The event will see 150 amateur cyclists cycle over 600km around the six counties of Munster, in aid of beneficiary Down Syndrome Ireland (DSI Munster branches) and cycling legend Sean Kelly will also be joining the cyclists for his seventh year.
Last year’s event raised a staggering €300,000 and they are hoping to raise even more this year so please help cheer on the cyclists as they pass through Tipperary at Stage 1 of their journey!
Thursday, August 9:
Clogheen Community Hall 1.15pm – 2pm
Cahir 2.30pm – 2.30pm
Tipperary Town 3.15pm – 3.25pm
Boher 4.25pm – 4.50pm
Newport 5.40pm – 5.40pm
Birdhill 6.10pm – 6.10pm
Visit http://www.tourdemunster.com/route.html for further details.
Now in its 12th year, the Tour de Munster is four-day 650km charity cycle which takes participants on a very demanding route through all the counties of Munster.
Participants collect individual sponsorship and the tour is accompanied by volunteers who hope to leverage the event with collections in the cities, towns and villages along the route.
Everyone participating in the event covers their own costs so that all funds raised through the 2012 event will go directly to the six branches of Down Syndrome Ireland in Munster.

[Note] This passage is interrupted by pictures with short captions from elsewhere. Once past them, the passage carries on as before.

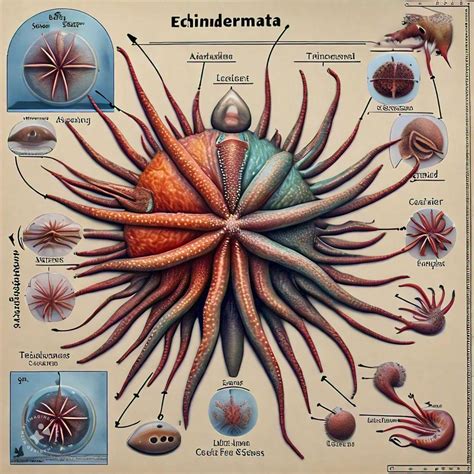 Labeled echinodermata diagram - Brainly.in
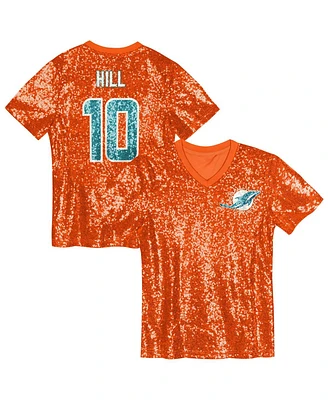 Outerstuff Big Girls Tyreek Hill Orange Miami Dolphins Sequin V-Neck Fashion Jersey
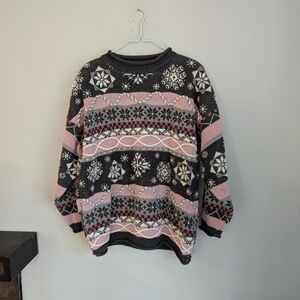 Vintage 80s 90s Winter Pastel Large Sweater Fair Isle Snowflakes Beaded Pearls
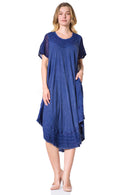 Sakkas Everyday Essentials Cap Sleeve Caftan Dress / Cover Up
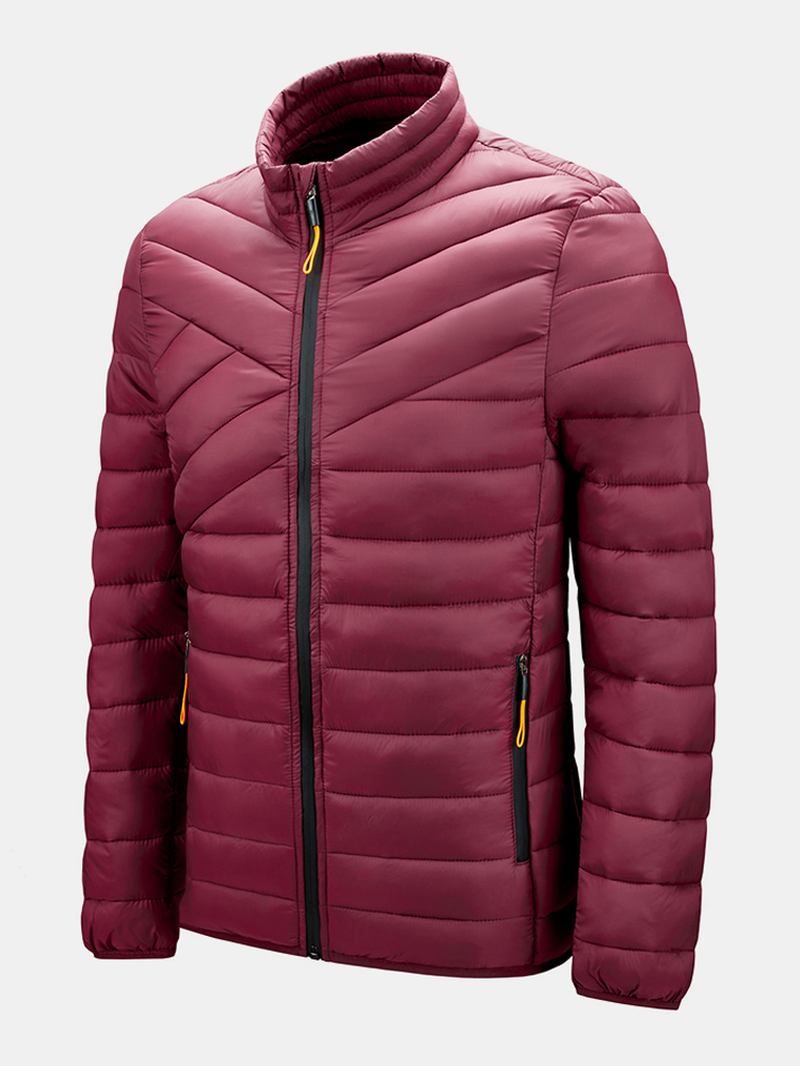 Solid Quilted Zip Up Basic Vadderade Kappor För Män Med Welt Pocket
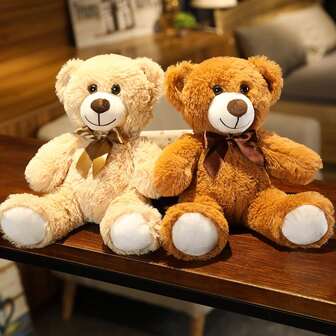 1 st nallebjörnsplyschleksak med rosett, nallebjörnsgosedjur, 30 cm söt plyschnallebjörnsleksak, plyschleksakspresent till pojkar och flickor, kuddedekoration för hemmet, bekväm och mjuk födelsedags- och högtidspresent, påskdekoration, julklapp.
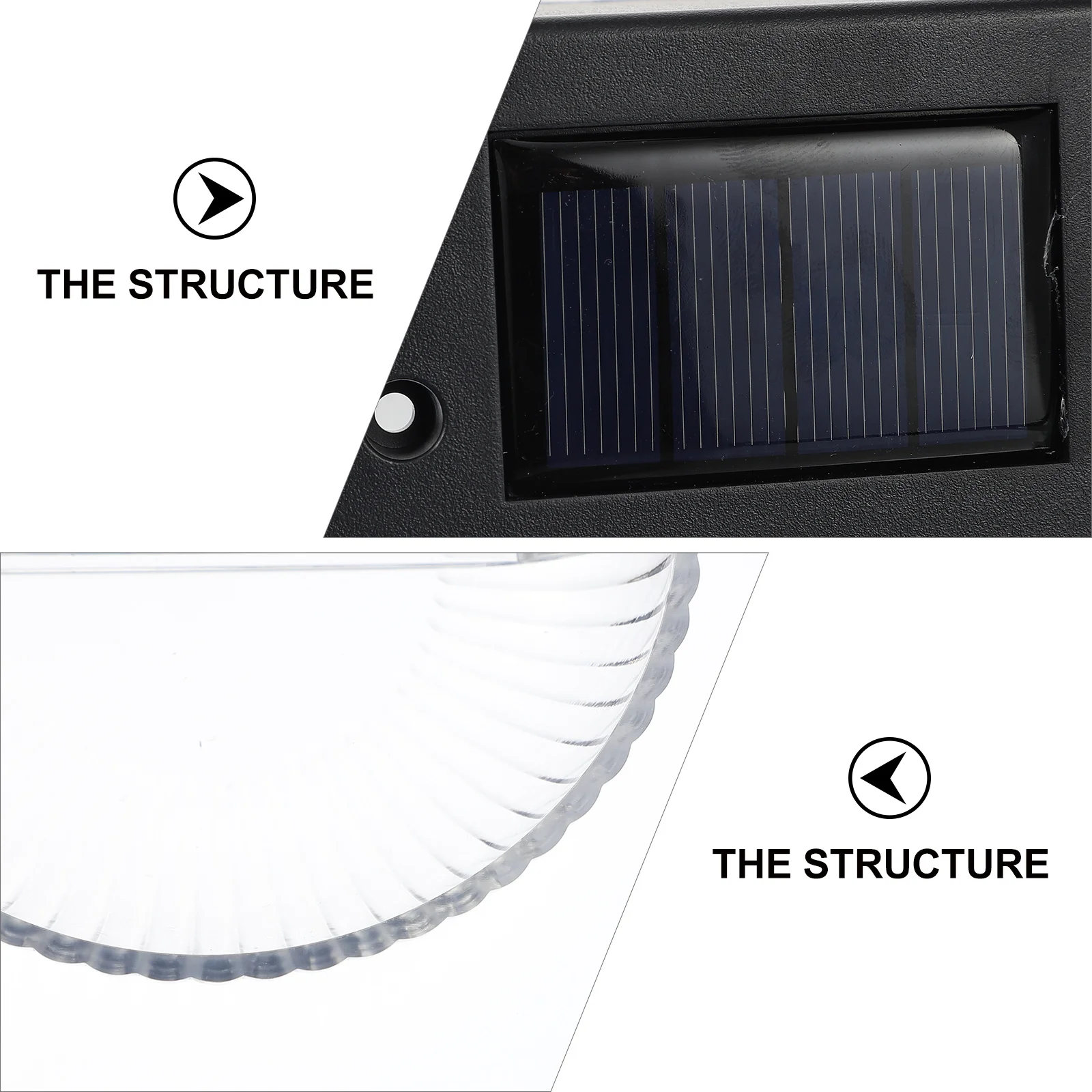 

4Pcs Solar Courtyard Lights Outdoor Garden Fence Lights Easy Install Waterproof LED Black Outdoor Illuminating Lamp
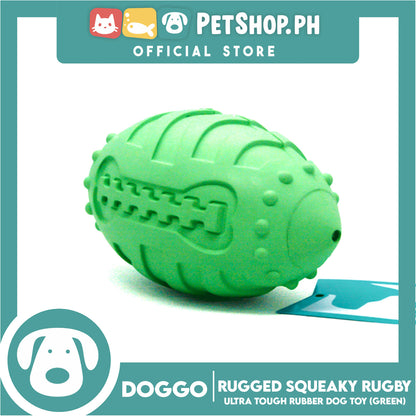 Doggo Rugged Squeaky Rugby (Green) Dog Toy Pet Toy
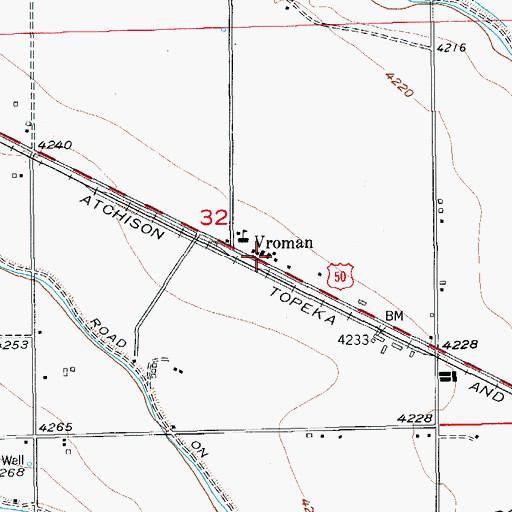 Topographic Map of Vroman, CO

Down Syndrome Ireland is an organisation of people with Down Syndrome and their parents and guardians which was established in 1971. It has over 3,000 member families with 25 branches nationwide and is funded by voluntary contributions and events organised by its members. It is the biggest single group concerned with the welfare of people with a learning disability in Ireland. The principal aims of the association are as follows:-
o To provide a counselling service and information to parents and guardians of persons with Down syndrome, especially those with new-born babies.
o To ensure that proper and appropriate educational facilities are available to children with Down syndrome, with the realistic option of attending mainstream national schools.
o To promote research into the causes of Down syndrome, and to keep parents informed of developments taking place at home and abroad for the advancement and care of people with Down syndrome.
o To liaise with the Departments of Health and Children; Social, Community and Family Affairs; Education and Science; and Enterprise, Trade and Employment; and with other relevant authorities and national organisations.
o To provide a forum where parents and guardians can meet and exchange views and ideas.
o To establish a system of advocacy and guardianship for adults and children with Down syndrome who have lost their parents.
o The ultimate objective is the integration of people with Down syndrome into the community with full citizen’s rights as laid down in European Union directives and the United Nations charter.